The Uptown Theater was a sea of white folding chairs last night. It ain’t no CBGB. I couldn’t remember the last time I went to a show where people actually sat in seats, but it didn’t matter; once David Byrnepulled out the hits, people jumped to their feet.
Byrne emerged from the wings in bleach-white skinny pants and a white shirt that matched his sharp white hair, and relayed the story behind the tour. His longtime buddy, musical innovator Brian Eno, had a batch of songs with no words just lying around unused, like a garage full of gassed-up convertibles waiting to be taken for a spin. Byrne agreed to listen to them and see if lyrics struck him, and if Eno liked what he came up with, they’d continue from there.
The result is the Internet-released album Everything That Happens Will Happen Today. Byrne was joined onstage by a ten-piece ensemble of three backup singers, three dancers, a bassist, two percussion players and a keyboardist – all dressed in blinding white. Given the amount of sweat poured onto the stage, this tour’s laundry bill must be a killer.
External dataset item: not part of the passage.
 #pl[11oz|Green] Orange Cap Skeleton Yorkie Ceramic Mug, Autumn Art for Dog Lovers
When Byrne launched into the first song – I didn’t download the new album before the show, and honestly, I don’t think many people in the audience had, either – the wall of warm sound enveloped us like I’d forgotten live music could. The last two shows I attended were both mainly electronic: M.I.A and Santogold in Lawrence. They were great, but David Byrne kicks their DJ-backed asses. The effect, with white-clad modern dancers slingshotting each other around the stage, was like a beach party where world-music influences collide, reminding me of that quote about everyone fucking until we’re all the same color. Not that the color would end up being white, but that white is the absence of color. Feel me?
Byrne performed several of the new songs in a row, pulling instruments from all kinds of influences, including a Spanish flamenco percussion box and a Hammond organ keyboard effect. One song was overly jarring and jangly and full of piercing, fake-bird calls, but was almost redeemed by a backup singer’s African-inspired wailing. [This song is "Help Me Somebody", from the 1981 Byrne/Eno album My Life in the Bush of Ghosts —ed. ]
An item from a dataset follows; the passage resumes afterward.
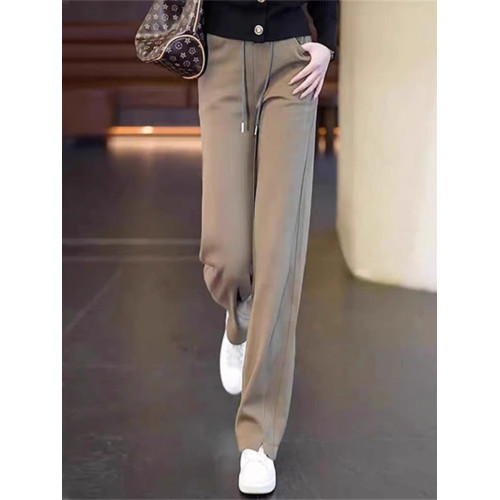 原單女裝專櫃撤廻加絨濶腿褲女大碼春秋冬顯瘦休閒直筒運動褲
The new stuff was pretty great, but when Byrne eventually played a Talking Heads hit, “Heaven,” a wave of relieved recognition spread through the crowd. Byrne also played “Crosseyed and Painless,” and “Life During Wartime.” On the latter, in the lyrics about tapping phone lines, Byrne emphasized, I know that that ain’t allowed. It was clear where he stood from the beginning, after he’d paraphrased the lyrics to one of his new songs, saying, “Everything will change one fine day – that day will be November 4th.”
He might be getting up there in years, but Byrne had it in him to play three encores, and danced the hardest during the second one. At one point, dude was playing guitar while running in place.
“Take Me to the River”
“The Great Curve”
“Burning Down the House”
“Everything that Happens will Happen Today”
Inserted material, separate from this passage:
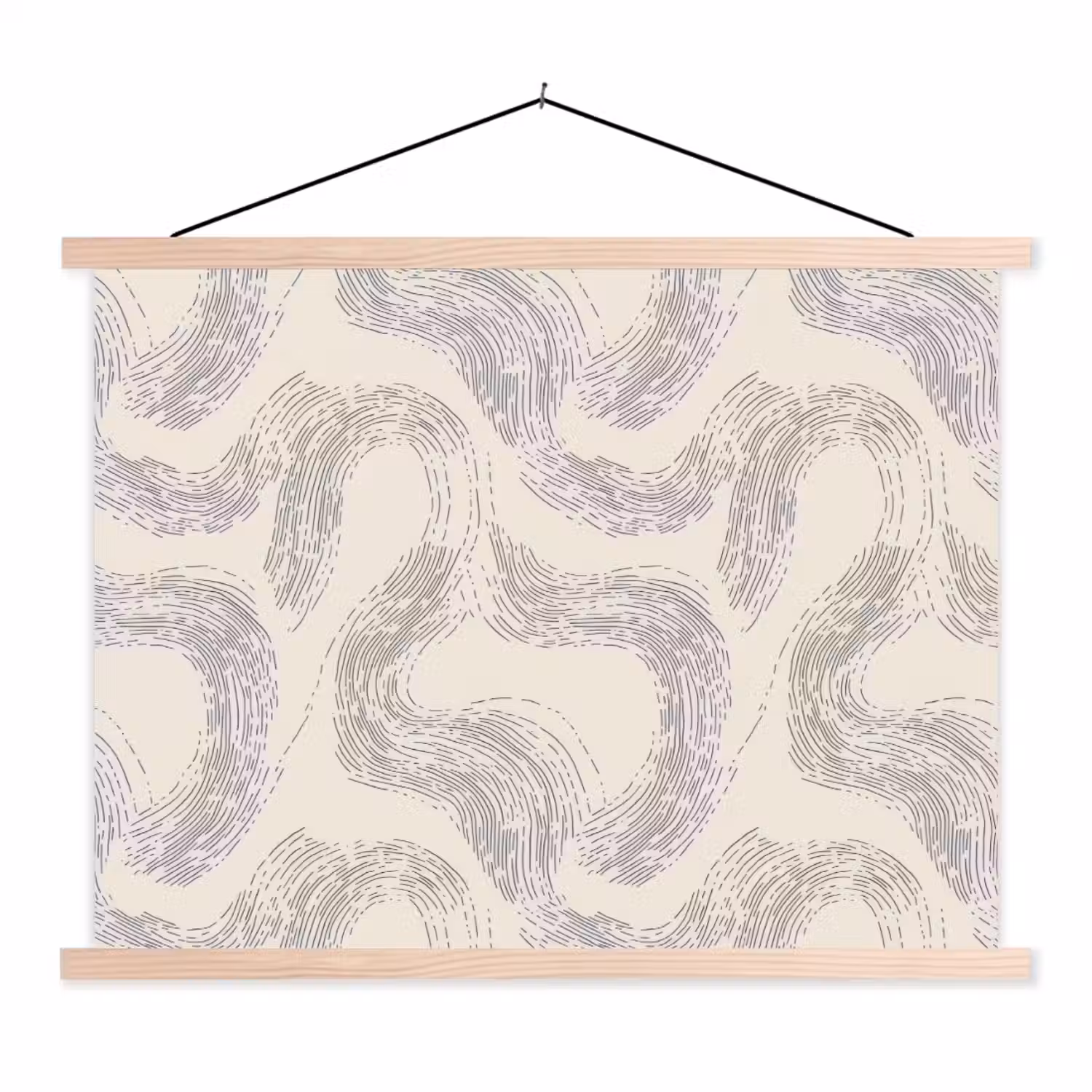 Lijnen - Patroon - Beige - Minimalistisch textielposter latten blank klein 122 -3d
Personal bias: I enjoy the Trick Daddy and Cee-lo version of “Sugar on My Tongue” as much as the Talking Heads version.
Random detail: Star music critic Tim Finn and I chose the same song from the new album as our cue to get up to pee. Also: Democratic political operative Steve Glorioso and family snuck out after the second encore.
By the way: The big David Byrne fan next to me said that of all the times he’s seen Byrne live, he’s never seen Byrne perform his favorite Talking Heads song “The Great Curve” until now.